Le pharmacien d’officine a, au fil du temps, été conforté dans son rôle de conseil et de prévention pour devenir un acteur central du système de soins français. Aujourd’hui, par exemple, ce ne sont pas moins de 13 vaccins qui peuvent être administrés à l’officine ! Les étudiants en pharmacie ont d’ailleurs été très fortement sollicités durant la pandémie de Covid-19, et ce dès le premier confinement, aussi bien pour renforcer les équipes officinales au comptoir que pour réaliser des tests et administrer des vaccins ».
À l’inverse, quels sont aujourd’hui les freins au métier de pharmacien ?<3>
« Le principal obstacle au métier de pharmacien est le manque de communication sur la diversité des missions qui lui sont confiées. Les étudiants sont alors plus enclins à se tourner vers le métier de médecin, davantage exposé sur la scène médiatique que celui de pharmacien. Par ailleurs, les contraintes liées au métier de pharmacien, comme le travail le week-end, peuvent aussi être un frein au métier.
La nouvelle génération n’a pas forcément envie de vivre uniquement pour son travail ou même de se cantonner à une seule activité. Les jeunes pharmaciens aspirent désormais à garder du temps pour eux, pour leur famille, ou à s’impliquer dans d’autres activités professionnelles. C’est un constat qui concerne d’ailleurs toutes les filières et toutes les branches professionnelles ».
Actuellement, près d’un tiers des places en deuxième année de pharmacie restent vacantes. Quelles en seront les conséquences directes ?

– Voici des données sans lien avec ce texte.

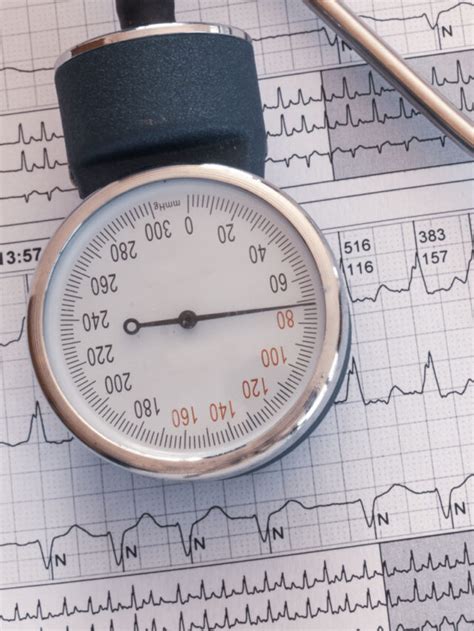 AFib Treatment : A Comprehensive Guide To Managing Atrial Fibrillation ...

« En effet, à la rentrée 2022-2023, il y avait plus de 1 000 places vacantes en deuxième année de pharmacie : c’est tout autant de pharmaciens qui ne seront pas diplômés dans 6 ans. D’autant qu’il manque déjà entre 10 000 et 15 000 pharmaciens en France ! La situation est alarmante puisqu’elle met en péril le métier de pharmacien tout en fragilisant le maillage territorial des officines. Nous devons déjà faire face, aujourd’hui, à des déserts médicaux. Si des déserts pharmaceutiques venaient également à exister, notre système de soins courrait à la catastrophe ».
Quelles sont les pistes envisagées pour remédier à la situation ?
« Depuis maintenant 6 ans, une réflexion est engagée pour réformer le troisième cycle de pharmacie. Cette réforme vise à revaloriser le statut de l’étudiant de 6e année officine. Elle aboutirait à développer la formation avec une approche par compétences officinales, plutôt que par connaissances, ce qui est indispensable pour s’adapter aux nouvelles missions des pharmaciens de demain. Et elle permettrait également d’aboutir à une revalorisation de la rémunération des stages.
Mais surtout, nous travaillons en partenariat avec les pouvoirs publics, la FSPF, l’USPO, le Leem ou encore l’Ordre des pharmaciens pour promouvoir les études de pharmacie. Nous projetons de mettre en place une grande campagne de communication afin de mieux informer les étudiants, et ce dès le lycée. Car actuellement, seulement 2,6 % des étudiants ont entendu parler de la filière pharmacie au cours de leurs années de lycée ! Et nous encourageons également l’ensemble des pharmaciens à accueillir des stagiaires pour promouvoir leur métier et susciter des vocations ».